Ninguém ouviu notícias suas, Jude. Acordei de manhã e você tinha
ido embora. Encontrei seu telefone quebrado em pedaços no balcão
da cozinha. Eu não tinha como chegar até você. Você simplesmente
foi embora e nem se importou com nenhuma das pessoas que
abandonou. — Lágrimas ameaçaram, mas as forcei de volta. Já
derramei um oceano de lágrimas por ele. Jude não ia me ver chorar.
Ele segurou meu queixo e inclinou meu rosto para si.
— Voltei para te dizer que não poderia viver sem você. Voltei
para implorar pelo seu perdão.
— Do que você está falando? Quando foi isso?
— Não importa. Você fez suas escolhas, assim como eu. —
Com isso, ele me soltou e caminhou até a porta. Lá se foi ele de
novo, valsando para longe com meu coração e deixando um rastro
de destruição no caminho.
Você fez suas escolhas, assim como eu.
Fizemos todas as escolhas erradas.
Maldito seja, Jude. Por que você teve que voltar aqui e agitar
todas essas emoções novamente?
Eu o odeio. Realmente odiava. Eu o odiava tanto.

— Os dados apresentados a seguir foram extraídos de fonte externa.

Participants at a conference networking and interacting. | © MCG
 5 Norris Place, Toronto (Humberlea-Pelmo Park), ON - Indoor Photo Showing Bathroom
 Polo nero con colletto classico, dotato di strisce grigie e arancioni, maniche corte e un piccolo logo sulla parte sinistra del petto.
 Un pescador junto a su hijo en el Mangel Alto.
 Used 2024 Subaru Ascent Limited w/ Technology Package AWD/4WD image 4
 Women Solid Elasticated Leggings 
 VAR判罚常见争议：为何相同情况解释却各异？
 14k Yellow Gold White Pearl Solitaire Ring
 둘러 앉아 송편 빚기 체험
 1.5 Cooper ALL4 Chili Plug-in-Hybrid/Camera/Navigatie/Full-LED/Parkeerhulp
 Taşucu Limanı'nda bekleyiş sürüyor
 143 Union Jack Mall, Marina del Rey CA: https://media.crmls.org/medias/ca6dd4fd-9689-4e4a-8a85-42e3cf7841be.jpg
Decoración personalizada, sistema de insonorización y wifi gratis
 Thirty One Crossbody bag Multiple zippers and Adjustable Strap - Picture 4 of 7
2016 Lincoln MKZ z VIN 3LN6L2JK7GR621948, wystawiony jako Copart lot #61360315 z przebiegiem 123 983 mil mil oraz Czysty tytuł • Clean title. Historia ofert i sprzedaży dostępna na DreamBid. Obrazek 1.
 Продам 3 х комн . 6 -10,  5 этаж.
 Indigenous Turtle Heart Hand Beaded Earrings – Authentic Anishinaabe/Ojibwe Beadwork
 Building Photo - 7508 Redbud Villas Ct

Se isso fosse verdade, a vida seria muito mais simples.
— Este jantar vai ser estranho pra caralho — Gideon disse,
ecoando meus pensamentos.
Minha mãe suspirou, tirando as tortas do forno. Não passou
despercebido que eram de pêssego, a minha preferida. Ou que os
bifes Black Angus eram grossos e marmoreados do jeito que eu
gostava. Gideon já havia chamado esse jantar de “a volta do filho
pródigo”.
— Cuidado com a língua — ela disse a ele. — Desligue esse
telefone e seja útil. — Ela apontou para o armário que guardava
nossos pratos. — Coloque a mesa na varanda.
Relutante, Gideon guardou o telefone que estava preso à sua
mão 24 horas por dia, sete dias por semana, e pegou os pratos do
armário enquanto eu continuava cortando pepinos e pimentões para
a salada.
Minha mãe, por qualquer motivo maluco, estava animada por
ter toda a família reunida para o jantar de domingo. E por família, ela
quis dizer cada um de nós, incluindo Brody, Lila e o filho deles.
Fazia dois dias que eu não via Lila, e ainda não tinha visto
Brody. Ficaria feliz em manter assim.
Jesse pegou um tomate-cereja da salada e encostou o
quadril no balcão da cozinha, passando os dedos pelo cabelo
castanho-claro de surfista. Meu irmãozinho tinha quase vinte e cinco
anos, mas eu ainda pensava nele como uma criança. Ele sempre foi
o mais tranquilo e descontraído da família e o tempo não mudou
isso.
— Como você acha que vai ser? — perguntou.
— Eu não vou dizer uma maldita palavra. — Meu olhar
rastreou minha mãe enquanto ela carregava uma jarra de chá doce
para a varanda. — Não quero chatear a mamãe.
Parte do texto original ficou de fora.